### ASSIGNMENT
Begin at the line below that has "Jaguar classic car" and stop after the line that has "Тональный крем Nars". Please restate only those lines, word for word.

(Brief descriptive captions)
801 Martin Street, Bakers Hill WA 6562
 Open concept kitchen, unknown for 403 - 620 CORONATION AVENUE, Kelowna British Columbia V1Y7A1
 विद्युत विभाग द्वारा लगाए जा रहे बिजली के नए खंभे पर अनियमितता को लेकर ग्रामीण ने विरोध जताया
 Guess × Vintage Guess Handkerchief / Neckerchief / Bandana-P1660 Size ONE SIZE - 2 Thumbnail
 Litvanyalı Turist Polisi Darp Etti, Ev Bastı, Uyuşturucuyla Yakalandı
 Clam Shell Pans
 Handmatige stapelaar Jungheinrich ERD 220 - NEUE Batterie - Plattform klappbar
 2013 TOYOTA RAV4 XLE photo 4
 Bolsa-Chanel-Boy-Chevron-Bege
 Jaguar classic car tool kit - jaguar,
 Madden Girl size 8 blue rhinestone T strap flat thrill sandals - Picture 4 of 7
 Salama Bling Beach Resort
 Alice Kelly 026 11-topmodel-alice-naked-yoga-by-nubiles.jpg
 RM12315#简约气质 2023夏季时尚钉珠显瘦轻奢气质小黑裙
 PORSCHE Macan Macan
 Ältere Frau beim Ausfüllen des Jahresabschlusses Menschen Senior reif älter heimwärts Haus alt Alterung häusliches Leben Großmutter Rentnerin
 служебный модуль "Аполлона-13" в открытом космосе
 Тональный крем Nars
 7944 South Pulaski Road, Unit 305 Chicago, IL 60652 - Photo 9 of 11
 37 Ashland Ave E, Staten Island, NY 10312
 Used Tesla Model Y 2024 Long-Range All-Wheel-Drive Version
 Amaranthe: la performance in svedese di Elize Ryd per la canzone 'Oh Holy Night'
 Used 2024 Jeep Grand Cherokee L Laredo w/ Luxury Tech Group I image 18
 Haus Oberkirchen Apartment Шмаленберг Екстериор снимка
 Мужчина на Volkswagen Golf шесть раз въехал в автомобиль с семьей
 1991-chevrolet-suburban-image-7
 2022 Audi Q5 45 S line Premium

### SOLUTION
 Jaguar classic car tool kit - jaguar,
 Madden Girl size 8 blue rhinestone T strap flat thrill sandals - Picture 4 of 7
 Salama Bling Beach Resort
 Alice Kelly 026 11-topmodel-alice-naked-yoga-by-nubiles.jpg
 RM12315#简约气质 2023夏季时尚钉珠显瘦轻奢气质小黑裙
 PORSCHE Macan Macan
 Ältere Frau beim Ausfüllen des Jahresabschlusses Menschen Senior reif älter heimwärts Haus alt Alterung häusliches Leben Großmutter Rentnerin
 служебный модуль "Аполлона-13" в открытом космосе
 Тональный крем Nars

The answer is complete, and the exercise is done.